The National Association of Home Builders expects the Federal Reserve to announce a tapering of bond purchases before the end of 2021, but the department showed no signs of tapering in their latest meeting. The purchases of Treasury and mortgage-backed securities are more than $100 billion a month. When the Fed announced tapering bond purchases in 2013 after the economy recovered from the Great Recession, interest rates spiked quickly and housing softened. Hesitation for tapering could be a move in attempt of mitigating the chances of the same event occurring.
The Fed noted that indicators of economic activity and the labor market have continued to strengthen, although it did pull back on previously-used language noting progress with the virus. This is likely a nod to the growth in cases due to the Delta variant, although it is worth noting the localized nature of this event, in addition to relatively low levels of hospitalizations and other serious cases nationwide.
The central bank continues to monitor inflation data, including ongoing, elevated levels of commodities and building materials such as and lumber and OSB. Recall that the CPI measure of inflation reached a 13-year high in June. This is why it is critical for supply-chain issues to be resolved through other policy changes if possible, in order to avoid tighter than otherwise required monetary policy in the quarters and years ahead.

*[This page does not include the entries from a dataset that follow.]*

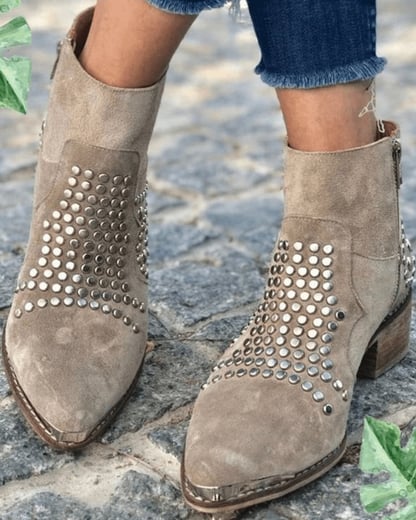 Poppy | Women's Studded Pointed Toe Ankle Boots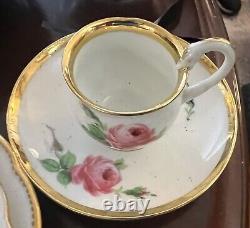 Meissen Pink Rose Demitasse Cup & Saucer with Swan Handle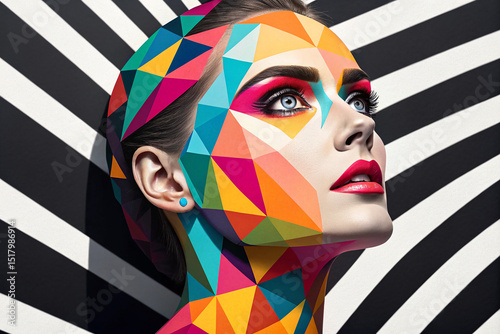 Bright and vibrant geometric face colorful abstra
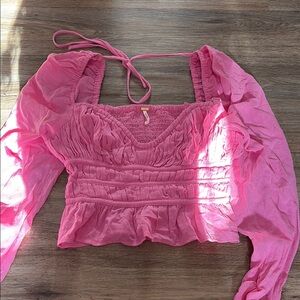 Free People Pink Smocked Long Sleeve Blouse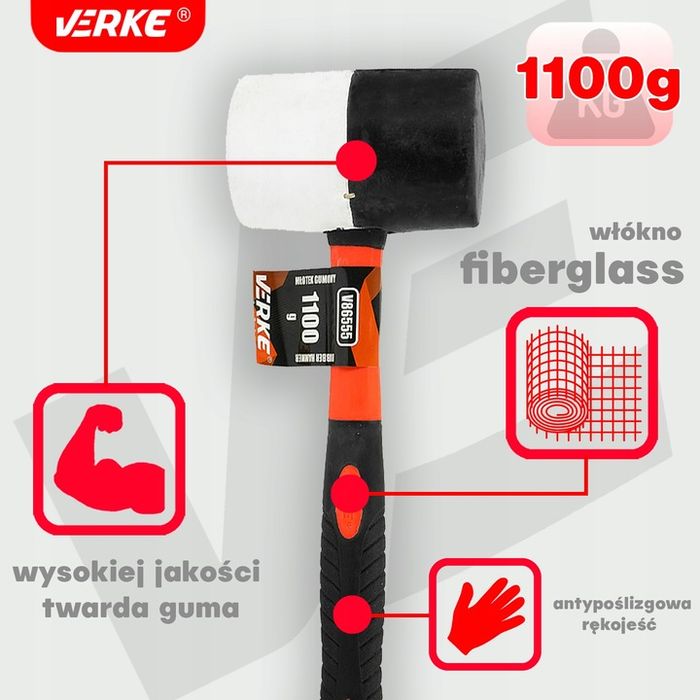 Młotek Gumowy Brukarski Blacharski Do Kostki Brukowej 1100g Fiberglass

The NAHB forecast has projected higher interest rates as the economy expands. However, between April and July rates have eased due to technical factors in the equity/bond markets, as well as some minor pullbacks for GDP projections due to ongoing virus concerns and supply-side market challenges. We still expect 2021 GDP growth to be the best year since 1984.
Additionally, the forecast calls for somewhat above-trend inflation over the next few years. But our model indicates that the current, significant uptick in inflation pressure, as illustrated by the prices of many building materials, will prove to be transitory or moderate over time (this means the growth rates will cool, not that there will be significant declines in such prices). A more hawkish view of monetary policy would be required, however, if wage inflation accelerated (i.e. wage gains without accompanying labor productivity gains).